Luxury Car Prices to Rise Despite India–EU FTA, but Pact to Act as Cost Buffer, Says Mercedes-Benz India MD
Iyer says free trade pact will soften cost escalation, not reverse price increases.
Luxury car prices in India are expected to continue rising in the near term, despite the conclusion of the India–European Union Free Trade Agreement (FTA), as currency headwinds remain a significant cost driver.
The historic pact will drive the economic movement, but at best it will act as a buffer against sharper price increases in the mainstream luxury car market, according to Santosh Iyer, Managing Director and CEO of Mercedes-Benz India.
Speaking to Autocar Professional, Iyer said expectations of immediate or dramatic price reductions following the FTA were misplaced, as currency movements and cost pressures continue to offset tariff-related gains.
Pointing towards the sharp appreciation of the euro in recent weeks as a key headwind.
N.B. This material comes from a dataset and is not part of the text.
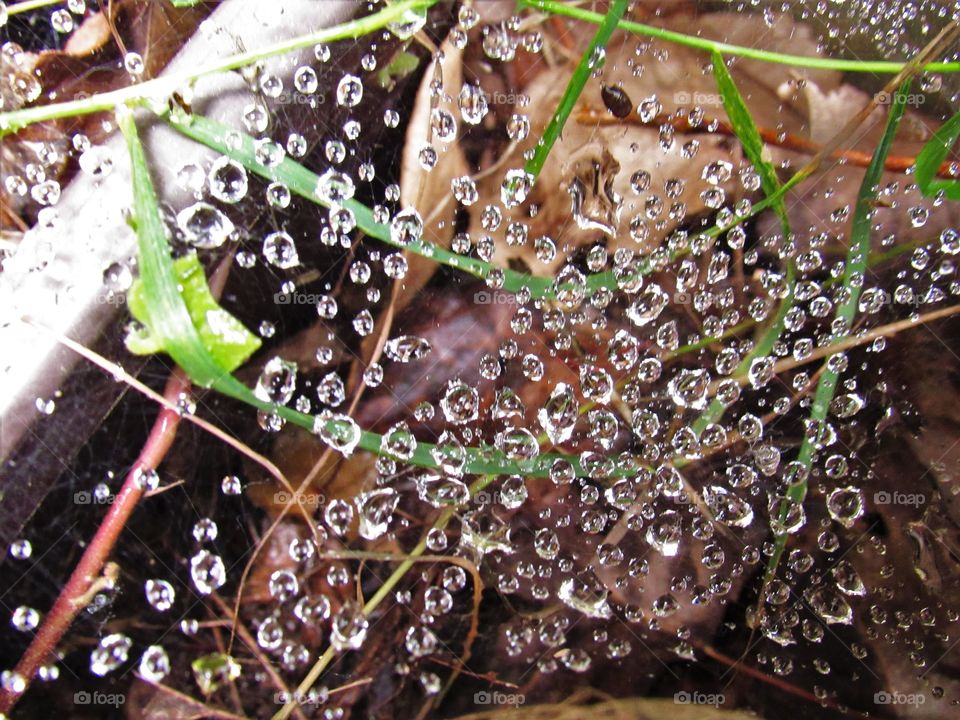 droplets on cobwebs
Iyer reminded, “When we last met, the euro was at 105. Today it is already 109. In just 10 days, that is a further four percent movement.” He cautioned that such currency shifts neutralise much of the benefit arising from duty rationalisation.
As a result, the largest luxury car maker in India will continue with its calibrated, quarter-on-quarter price increases, including a planned increase in the current quarter, irrespective of the FTA’s announcement. “We cannot avoid price increases at this stage,” he said, noting that pricing decisions remain closely linked to exchange rates and input costs.
While the FTA may not have a large impact on locally produced models, it will rationalise taxes across completely built units, completely knocked-down kits, and components.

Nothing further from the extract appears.